The result was predictable. On March 17, a senior Trump administration official warned that if the funding standoff continued, it might force the shutdown of entire smaller airports due to shortage of security personnel. That is not hyperbole. That is what was on the table. An American airport, empty of TSA officers because their government would not pay them, forced to close because the security screening required by federal law could not be maintained. In a functioning system, this never happens. In a system where every institution has been systematically weakened, it becomes routine. But the TSA collapse was only one piece of a much larger institutional decomposition. At the same time airports were approaching shutdown, the Department of Justice was experiencing something far more alarming: the organization itself was losing the confidence of the federal judiciary. A federal judge in New Jersey issued an order that had not been seen in modern American governance. Judge Quraishi, presiding over a child pornography sentencing, encountered a question he could not get answered: who is actually running the U.S. Attorney’s office in New Jersey? The office’s permanent U.S. attorney had been disqualified by a federal judge. The three people Trump appointed to replace her were found by a federal appeals court to have been unlawfully appointed. And yet the original U.S. attorney, Alina Habba, was still showing up at the office. Nobody could explain why. When Judge Quraishi asked the prosecutor in the case directly if Habba was still running things, the answer was: “None that I’m aware of.” Judge Quraishi then asked: “So she could be operating the office.” “She could be,” the prosecutor answered. A federal judge responded by telling the entire office leadership they had lost the confidence and trust of the court. He ejected a senior prosecutor who showed up unannounced to court proceedings. He ordered the entire leadership to return the following month and testify under oath about who was directing them and from where those directions were coming. He told them, in open court: “You have lost the confidence and the trust of this court. You have lost the confidence and the trust of the New Jersey legal community, and you are losing the trust and confidence of the public.” The Department of Justice responded with no comment. The office didn’t respond to calls or emails.
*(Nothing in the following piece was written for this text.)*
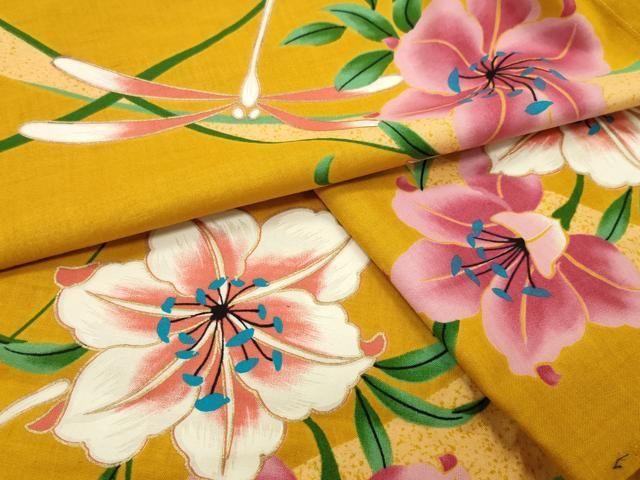 平和屋着物∴夏物　浴衣　トンボ　草花文　金彩　綿　逸品　CABG4152gh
What had happened was this: the Trump administration had appointed a U.S. Attorney, then fired her when she appeared to have views the administration did not agree with. Her replacement appointments were done improperly. Nobody in the office could say with certainty who had authority over them. The judicial system—which depends on the Department of Justice functioning as a neutral enforcer of law—had determined that the DOJ had become so dysfunctional that it could not be trusted. A federal judge had to pause a sentencing hearing in a child pornography case because the U.S. Attorney’s office did not know who was in charge. This is not a marginal event. This is the collapse of a pillar institution. Former federal prosecutors told media outlets that every DOJ attorney involved in some of the administration’s recent prosecutions had violated professional conduct rules. Including supervisors. A federal judge was now building a paper trail to document that collapse. The bar referral door was opening. Federal prosecutors—people with decades of professional credentials and reputations—were facing potential sanctions because they had worked in an office whose leadership had become so corrupted that following orders meant breaking professional obligations. These institutional collapses were not isolated incidents. They were the result of a coherent strategy: identify federal agencies that constrain executive power, deliberately degrade their capacity to function, and then use their dysfunction as justification for replacing them with loyalists or eliminating them entirely. By mid-March 2026, this strategy was operating across multiple agencies simultaneously.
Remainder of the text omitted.